We Could Use A Man Like Franklin Roosevelt Again



            Our country is in the midst of a great economic downturn, millions unemployed,  thousands facing foreclosures, prices rising,  tin-horn dictators meglomanically committing atrocities against their own people,  and the government in Washington DC appears paralyzed.  We could use a man like Franklin Roosevelt,  Again.

April 12, 1945 the nation was shocked to learn of the death of President Franklin Delano Roosevelt.  For most Americans alive today he is a figure in history.  Today, sixty-six years after his death conservatives who opposed his political policies are determined to gut most of what he did and what others built upon his work.  Political historians will argue whether FDR’s New Deal got America out of the Great Depression or whether it was World War II.  Yet had the billions spent on WWII been spent in the thirties on the programs advocated by FDR there would be no dispute the Depression would have ended by 1939.  Had he never wavered under conservative Republican pressure and cut spending in the late 1930's the recession of ‘38 wouldn’t have happened either.

            America was in a bad way when FDR took office in 1933, as was most of the industrialized world, and some nations like Germany and Italy had chosen the way of fascism.  Roosevelt restored Americans’  belief in their own destiny.  His ringing voice, spoken while standing with the use of heavy iron braces, lifted a nation off its knees and allowed it to stand tall again.  He pushed through a myriad of programs to ease the pain of the Great Depression which had caused 25% unemployment in the cities and thousands of farm and rural home foreclosures.  His Civilian Conservation Corps took thousands of young people  and taught them discipline and health and gave them a bit of money to send home.  His Works Progress Administration and Public Works Administration  built the infrastructure of America - roads, school buildings, pipelines many of which still today keep this country afloat.  He tried with the NRA to adopt wage and price controls, and when the Supreme Court came down on the side of big business and stopped it he pushed through the Wagner Labor Relations Act that settled once and for all (we thought) the right of workers to organize and collectively bargain.

             And then of course his greatest legislative achievement -- Social Security -- an insurance program funded by mandatory contributions from workers and their employers to guarantee seniors, upon retirement, some funds to live on.

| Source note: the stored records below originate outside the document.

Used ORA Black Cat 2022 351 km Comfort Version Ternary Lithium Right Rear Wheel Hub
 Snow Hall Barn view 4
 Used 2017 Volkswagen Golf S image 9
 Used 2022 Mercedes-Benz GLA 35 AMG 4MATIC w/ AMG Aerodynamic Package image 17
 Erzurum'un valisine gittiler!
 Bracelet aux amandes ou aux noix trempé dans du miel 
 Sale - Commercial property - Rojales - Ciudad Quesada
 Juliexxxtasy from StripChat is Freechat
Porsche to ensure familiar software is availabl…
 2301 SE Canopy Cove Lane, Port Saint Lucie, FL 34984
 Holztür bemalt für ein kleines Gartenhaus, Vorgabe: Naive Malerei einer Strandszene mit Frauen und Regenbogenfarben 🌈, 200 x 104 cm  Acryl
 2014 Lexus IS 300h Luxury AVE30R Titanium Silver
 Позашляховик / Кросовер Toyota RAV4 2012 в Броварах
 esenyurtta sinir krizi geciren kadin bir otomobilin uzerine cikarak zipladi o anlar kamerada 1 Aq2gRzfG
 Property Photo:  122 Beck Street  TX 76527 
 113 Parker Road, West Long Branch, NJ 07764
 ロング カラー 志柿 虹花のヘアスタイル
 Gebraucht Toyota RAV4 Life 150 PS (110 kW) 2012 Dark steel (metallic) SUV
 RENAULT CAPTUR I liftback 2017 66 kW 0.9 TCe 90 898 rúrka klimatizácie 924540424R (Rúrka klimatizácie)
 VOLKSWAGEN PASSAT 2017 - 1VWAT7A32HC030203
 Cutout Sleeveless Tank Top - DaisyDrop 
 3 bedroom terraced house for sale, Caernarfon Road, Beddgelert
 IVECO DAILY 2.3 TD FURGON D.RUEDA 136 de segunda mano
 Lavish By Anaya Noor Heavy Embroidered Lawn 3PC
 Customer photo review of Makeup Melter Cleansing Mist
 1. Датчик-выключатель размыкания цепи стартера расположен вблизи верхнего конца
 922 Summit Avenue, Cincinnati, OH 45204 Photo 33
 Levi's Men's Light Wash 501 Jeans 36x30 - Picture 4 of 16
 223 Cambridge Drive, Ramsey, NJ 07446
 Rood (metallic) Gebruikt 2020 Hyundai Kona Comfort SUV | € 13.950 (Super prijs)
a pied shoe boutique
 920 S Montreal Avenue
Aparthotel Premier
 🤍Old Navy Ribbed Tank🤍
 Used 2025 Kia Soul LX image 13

The original program also initiated unemployment insurance and disability insurance so that families would not suffer when breadwinners lost their job nor would accidents destroy a workers ability to feed his family.

            To bring progress to areas of the country like the Appalachian South, that were ignored by the private sector because they didn’t see profits there, he established the Tennessee Valley Authority. The people of parts of seven states soon had access to cheap electricity and became a major market for post war consumer electric goods.  Had Congress passed FDR’s plan for eight other regional TVA’s half of America today would have inexpensive electric power and the great power monopolies would not be either as powerful or as rich.

            Later as WWII was ending FDR got the GI Bill of Rights passed.  That single piece of legislation is most responsible for the post war growth and success of the middle class in America and the ability of the Greatest Generation to pass on to their children and grandchildren a better America.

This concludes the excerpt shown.